● **Assignment**
Look through the data below and say how many of its lines contain "Crafts", adding nothing else.

BEGIN Dataset records

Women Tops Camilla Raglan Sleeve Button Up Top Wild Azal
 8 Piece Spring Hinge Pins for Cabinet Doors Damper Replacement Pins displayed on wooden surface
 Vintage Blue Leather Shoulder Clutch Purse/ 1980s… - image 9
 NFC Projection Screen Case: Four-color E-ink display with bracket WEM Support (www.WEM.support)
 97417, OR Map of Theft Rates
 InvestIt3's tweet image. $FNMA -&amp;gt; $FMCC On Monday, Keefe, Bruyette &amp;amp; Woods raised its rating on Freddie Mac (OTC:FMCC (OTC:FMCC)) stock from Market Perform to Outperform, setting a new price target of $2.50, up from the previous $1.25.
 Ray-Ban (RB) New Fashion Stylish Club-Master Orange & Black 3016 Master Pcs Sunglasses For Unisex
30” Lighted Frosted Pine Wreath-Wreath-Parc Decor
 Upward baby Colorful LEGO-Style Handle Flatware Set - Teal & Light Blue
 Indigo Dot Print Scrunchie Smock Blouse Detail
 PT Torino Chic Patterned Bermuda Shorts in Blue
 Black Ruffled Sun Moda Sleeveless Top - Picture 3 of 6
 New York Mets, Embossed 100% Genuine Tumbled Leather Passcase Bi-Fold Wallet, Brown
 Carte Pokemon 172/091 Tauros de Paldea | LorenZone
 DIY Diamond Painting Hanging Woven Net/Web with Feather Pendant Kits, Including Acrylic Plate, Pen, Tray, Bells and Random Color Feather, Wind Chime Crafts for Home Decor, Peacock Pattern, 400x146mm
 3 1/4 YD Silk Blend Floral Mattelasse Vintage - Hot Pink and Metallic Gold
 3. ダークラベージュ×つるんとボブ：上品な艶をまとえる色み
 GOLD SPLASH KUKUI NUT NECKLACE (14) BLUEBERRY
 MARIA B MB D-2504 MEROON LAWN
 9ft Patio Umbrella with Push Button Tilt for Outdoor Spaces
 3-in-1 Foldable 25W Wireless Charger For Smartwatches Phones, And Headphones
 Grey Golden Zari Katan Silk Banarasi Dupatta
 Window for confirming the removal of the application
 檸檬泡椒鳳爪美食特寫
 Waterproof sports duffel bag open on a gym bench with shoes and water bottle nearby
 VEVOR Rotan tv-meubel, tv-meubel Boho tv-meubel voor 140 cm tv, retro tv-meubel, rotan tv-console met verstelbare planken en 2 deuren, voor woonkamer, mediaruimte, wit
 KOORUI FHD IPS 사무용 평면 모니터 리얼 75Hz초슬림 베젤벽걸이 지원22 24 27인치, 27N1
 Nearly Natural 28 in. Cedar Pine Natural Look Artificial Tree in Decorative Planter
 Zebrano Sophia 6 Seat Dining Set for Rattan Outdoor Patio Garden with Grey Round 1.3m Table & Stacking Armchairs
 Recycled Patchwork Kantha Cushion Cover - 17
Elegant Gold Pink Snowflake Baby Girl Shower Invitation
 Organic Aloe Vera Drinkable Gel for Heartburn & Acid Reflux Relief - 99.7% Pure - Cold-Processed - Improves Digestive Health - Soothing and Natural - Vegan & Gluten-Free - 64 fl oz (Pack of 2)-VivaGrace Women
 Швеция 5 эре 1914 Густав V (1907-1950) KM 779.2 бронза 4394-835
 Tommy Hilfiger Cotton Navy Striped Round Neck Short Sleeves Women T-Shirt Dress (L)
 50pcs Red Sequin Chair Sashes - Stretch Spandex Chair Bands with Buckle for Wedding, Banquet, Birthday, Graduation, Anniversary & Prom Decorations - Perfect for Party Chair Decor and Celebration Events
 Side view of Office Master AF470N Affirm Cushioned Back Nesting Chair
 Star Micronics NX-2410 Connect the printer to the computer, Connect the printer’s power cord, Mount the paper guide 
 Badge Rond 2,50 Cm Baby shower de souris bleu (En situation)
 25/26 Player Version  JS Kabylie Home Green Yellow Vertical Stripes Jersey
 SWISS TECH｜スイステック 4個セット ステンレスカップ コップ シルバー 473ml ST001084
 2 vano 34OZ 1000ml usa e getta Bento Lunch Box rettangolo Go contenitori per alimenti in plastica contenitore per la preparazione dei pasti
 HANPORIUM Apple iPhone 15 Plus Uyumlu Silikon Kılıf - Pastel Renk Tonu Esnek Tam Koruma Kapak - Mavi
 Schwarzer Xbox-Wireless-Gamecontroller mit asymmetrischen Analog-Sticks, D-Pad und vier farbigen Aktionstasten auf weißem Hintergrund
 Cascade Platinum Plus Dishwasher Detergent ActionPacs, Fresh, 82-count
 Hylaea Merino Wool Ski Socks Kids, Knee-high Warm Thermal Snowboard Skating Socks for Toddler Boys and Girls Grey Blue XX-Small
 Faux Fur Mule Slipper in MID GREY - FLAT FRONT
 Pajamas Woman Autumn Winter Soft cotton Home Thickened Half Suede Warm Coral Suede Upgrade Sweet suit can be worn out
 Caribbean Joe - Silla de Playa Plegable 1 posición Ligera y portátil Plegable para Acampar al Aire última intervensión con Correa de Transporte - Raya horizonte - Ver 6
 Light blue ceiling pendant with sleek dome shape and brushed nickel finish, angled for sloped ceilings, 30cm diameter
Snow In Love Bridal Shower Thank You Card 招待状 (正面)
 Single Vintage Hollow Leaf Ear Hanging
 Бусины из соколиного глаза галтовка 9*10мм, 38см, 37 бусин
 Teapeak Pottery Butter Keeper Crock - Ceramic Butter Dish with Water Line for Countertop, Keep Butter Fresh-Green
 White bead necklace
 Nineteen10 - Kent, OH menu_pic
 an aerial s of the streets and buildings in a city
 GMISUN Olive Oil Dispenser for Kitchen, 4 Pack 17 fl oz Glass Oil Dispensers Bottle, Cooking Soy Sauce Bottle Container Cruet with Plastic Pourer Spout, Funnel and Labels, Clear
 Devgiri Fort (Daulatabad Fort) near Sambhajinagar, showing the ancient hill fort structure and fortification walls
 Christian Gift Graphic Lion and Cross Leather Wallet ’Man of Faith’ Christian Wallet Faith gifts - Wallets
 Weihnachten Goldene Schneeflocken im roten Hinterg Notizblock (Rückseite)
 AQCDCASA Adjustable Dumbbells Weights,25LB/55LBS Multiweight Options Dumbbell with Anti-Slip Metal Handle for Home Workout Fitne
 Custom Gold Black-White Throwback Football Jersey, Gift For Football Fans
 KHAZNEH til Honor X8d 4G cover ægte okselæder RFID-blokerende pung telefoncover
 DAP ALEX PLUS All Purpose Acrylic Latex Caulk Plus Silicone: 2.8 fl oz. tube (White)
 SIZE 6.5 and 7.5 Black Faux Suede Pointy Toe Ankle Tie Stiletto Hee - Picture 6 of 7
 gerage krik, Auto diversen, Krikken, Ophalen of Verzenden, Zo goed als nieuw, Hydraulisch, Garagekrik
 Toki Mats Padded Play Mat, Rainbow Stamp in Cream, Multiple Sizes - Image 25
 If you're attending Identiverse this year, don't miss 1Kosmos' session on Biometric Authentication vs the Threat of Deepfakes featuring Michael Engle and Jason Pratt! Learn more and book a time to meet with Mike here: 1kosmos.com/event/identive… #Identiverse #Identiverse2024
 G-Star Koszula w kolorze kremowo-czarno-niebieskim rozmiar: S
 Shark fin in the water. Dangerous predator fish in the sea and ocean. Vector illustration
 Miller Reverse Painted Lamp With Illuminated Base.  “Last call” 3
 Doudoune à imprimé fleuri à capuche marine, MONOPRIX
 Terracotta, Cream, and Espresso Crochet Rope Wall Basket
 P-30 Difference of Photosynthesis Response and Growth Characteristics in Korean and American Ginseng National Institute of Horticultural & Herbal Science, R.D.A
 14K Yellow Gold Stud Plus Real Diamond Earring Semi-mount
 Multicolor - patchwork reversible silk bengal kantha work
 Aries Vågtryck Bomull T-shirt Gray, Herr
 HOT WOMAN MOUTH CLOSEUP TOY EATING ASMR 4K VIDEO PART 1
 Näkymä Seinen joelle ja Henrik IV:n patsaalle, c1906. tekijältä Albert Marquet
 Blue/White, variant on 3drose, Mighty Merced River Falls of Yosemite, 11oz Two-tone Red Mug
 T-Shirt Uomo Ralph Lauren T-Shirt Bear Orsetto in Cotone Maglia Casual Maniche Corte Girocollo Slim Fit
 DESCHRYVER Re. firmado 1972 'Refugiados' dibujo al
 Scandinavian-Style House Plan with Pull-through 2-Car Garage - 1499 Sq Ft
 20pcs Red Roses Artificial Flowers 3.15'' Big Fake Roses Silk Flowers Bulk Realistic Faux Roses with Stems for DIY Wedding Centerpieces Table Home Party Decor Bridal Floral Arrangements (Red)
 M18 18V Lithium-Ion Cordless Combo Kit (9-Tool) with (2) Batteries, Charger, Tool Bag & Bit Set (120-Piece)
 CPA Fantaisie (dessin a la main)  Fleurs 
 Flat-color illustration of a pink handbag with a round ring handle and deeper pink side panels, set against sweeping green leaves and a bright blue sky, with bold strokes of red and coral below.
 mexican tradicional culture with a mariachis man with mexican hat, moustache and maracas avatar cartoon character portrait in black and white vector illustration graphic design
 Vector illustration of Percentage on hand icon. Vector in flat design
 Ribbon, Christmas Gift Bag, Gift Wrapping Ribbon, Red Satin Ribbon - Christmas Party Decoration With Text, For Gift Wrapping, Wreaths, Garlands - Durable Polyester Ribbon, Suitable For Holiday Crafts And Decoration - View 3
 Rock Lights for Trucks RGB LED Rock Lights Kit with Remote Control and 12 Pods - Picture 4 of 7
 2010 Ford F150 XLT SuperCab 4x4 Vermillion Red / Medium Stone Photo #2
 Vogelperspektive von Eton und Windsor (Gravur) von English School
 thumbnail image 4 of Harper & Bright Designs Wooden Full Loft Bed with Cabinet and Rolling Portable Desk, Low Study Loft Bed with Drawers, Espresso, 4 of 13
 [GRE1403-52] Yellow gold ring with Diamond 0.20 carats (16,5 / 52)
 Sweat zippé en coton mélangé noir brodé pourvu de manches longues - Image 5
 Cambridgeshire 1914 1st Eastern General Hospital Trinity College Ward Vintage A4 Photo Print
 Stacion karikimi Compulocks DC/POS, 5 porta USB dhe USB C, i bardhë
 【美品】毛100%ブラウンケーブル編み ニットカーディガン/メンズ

END Dataset records

● **Response area**
2